Felsher B F, Carpio N M
Gastroenterology. 1975 Jul;69(1):42-7.
Reduction in caloric intake was associated with a greater absolute rise in the serum bilirubin concentration in patients with Gilbert's syndrome and partial hepatic bilirubin uridine diphosphate glucuronyltransferase (UDPG-T) dysfunction compared to patients with hemolytic unconjugated hyperbilirubinemia and normal subjects. Two patients with overt hemolysis but an exaggerated response to caloric deprivation had reduced UDPG-T activities comparable to Gilbert's syndrome. The UDPG-T activities in the other patients with hemolytic jaundice were normal. The combination of fasting and novobiocin in 2 normal subjects produced a greater increase in bilirubin level than either fasting or novobiocin alone. These data suggest that theunderlying UDPG-T dysfunction, rather than the prefasting level of unconjugated hyperbilirubinemia, is responsible for the diet-induced hyperbilirubinemia in Gilbert's syndrome. The diet test appears to differentiate Gilbert's syndrome from hemolytic jaundice as well as from normal subjects, irrespective of the initial serum bilirubin concentration.

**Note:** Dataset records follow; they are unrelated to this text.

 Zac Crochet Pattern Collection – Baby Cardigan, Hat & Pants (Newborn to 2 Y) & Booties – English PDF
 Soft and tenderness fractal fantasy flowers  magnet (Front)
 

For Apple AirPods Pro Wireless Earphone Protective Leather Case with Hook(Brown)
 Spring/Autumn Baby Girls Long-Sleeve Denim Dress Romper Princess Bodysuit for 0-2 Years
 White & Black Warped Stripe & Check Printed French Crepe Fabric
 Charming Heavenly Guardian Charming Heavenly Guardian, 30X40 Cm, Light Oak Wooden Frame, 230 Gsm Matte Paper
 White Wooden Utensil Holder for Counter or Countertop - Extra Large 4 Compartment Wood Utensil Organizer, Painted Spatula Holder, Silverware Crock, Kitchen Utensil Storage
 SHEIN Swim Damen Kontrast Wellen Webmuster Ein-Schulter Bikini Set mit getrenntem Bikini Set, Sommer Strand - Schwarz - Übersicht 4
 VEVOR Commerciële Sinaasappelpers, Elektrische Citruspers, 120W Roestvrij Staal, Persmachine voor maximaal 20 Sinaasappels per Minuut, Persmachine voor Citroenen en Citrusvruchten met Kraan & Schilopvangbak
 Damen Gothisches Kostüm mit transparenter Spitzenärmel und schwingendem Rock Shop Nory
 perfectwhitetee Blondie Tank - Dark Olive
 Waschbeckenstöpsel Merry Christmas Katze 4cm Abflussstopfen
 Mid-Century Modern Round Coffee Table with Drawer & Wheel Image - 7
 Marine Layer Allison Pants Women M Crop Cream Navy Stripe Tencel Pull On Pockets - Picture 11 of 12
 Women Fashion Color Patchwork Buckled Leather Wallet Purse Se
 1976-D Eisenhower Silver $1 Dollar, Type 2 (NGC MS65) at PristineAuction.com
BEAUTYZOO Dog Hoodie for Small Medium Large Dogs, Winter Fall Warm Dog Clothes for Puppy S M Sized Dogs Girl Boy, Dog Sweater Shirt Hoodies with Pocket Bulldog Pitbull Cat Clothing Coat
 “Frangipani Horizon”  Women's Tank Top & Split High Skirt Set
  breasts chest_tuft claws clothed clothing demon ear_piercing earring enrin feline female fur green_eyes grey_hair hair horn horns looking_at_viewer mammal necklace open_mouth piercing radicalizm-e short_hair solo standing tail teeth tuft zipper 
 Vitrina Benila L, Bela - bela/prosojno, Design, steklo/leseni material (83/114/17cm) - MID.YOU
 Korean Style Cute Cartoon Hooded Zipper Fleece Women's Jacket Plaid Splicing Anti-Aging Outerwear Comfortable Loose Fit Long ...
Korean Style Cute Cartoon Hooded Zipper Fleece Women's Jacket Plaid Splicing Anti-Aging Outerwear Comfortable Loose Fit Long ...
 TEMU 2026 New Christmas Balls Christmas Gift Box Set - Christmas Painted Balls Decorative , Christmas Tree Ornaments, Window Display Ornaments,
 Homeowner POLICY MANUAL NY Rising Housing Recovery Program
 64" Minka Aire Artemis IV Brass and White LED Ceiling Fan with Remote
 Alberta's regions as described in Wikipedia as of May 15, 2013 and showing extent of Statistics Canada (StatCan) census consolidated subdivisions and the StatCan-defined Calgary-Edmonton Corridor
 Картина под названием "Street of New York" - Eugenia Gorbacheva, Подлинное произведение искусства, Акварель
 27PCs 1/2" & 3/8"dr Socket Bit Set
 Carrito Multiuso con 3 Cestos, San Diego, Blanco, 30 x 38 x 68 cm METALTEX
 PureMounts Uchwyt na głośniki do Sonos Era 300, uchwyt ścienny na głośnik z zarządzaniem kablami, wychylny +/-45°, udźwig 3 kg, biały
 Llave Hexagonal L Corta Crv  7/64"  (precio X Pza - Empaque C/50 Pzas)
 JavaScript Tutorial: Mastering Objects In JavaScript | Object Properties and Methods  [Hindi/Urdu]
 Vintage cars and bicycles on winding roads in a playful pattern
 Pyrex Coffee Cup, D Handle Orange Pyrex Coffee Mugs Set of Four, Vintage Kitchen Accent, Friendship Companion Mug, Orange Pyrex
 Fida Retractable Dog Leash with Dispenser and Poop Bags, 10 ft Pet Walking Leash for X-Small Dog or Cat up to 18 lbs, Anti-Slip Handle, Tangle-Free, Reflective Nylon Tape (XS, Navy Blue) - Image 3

与溶血性非结合性高胆红素血症患者和正常受试者相比,热量摄入减少与吉尔伯特综合征患者及部分肝胆红素尿苷二磷酸葡萄糖醛酸基转移酶(UDPG-T)功能障碍患者血清胆红素浓度的绝对升高幅度更大有关。两名明显溶血但对热量剥夺反应过度的患者,其UDPG-T活性降低,与吉尔伯特综合征相当。其他溶血性黄疸患者的UDPG-T活性正常。在两名正常受试者中,禁食和新生霉素联合使用比单独禁食或单独使用新生霉素导致胆红素水平升高幅度更大。这些数据表明,吉尔伯特综合征中饮食诱导的高胆红素血症的原因是潜在的UDPG-T功能障碍,而非禁食前非结合性高胆红素血症的水平。饮食试验似乎可以将吉尔伯特综合征与溶血性黄疸以及正常受试者区分开来,而与初始血清胆红素浓度无关。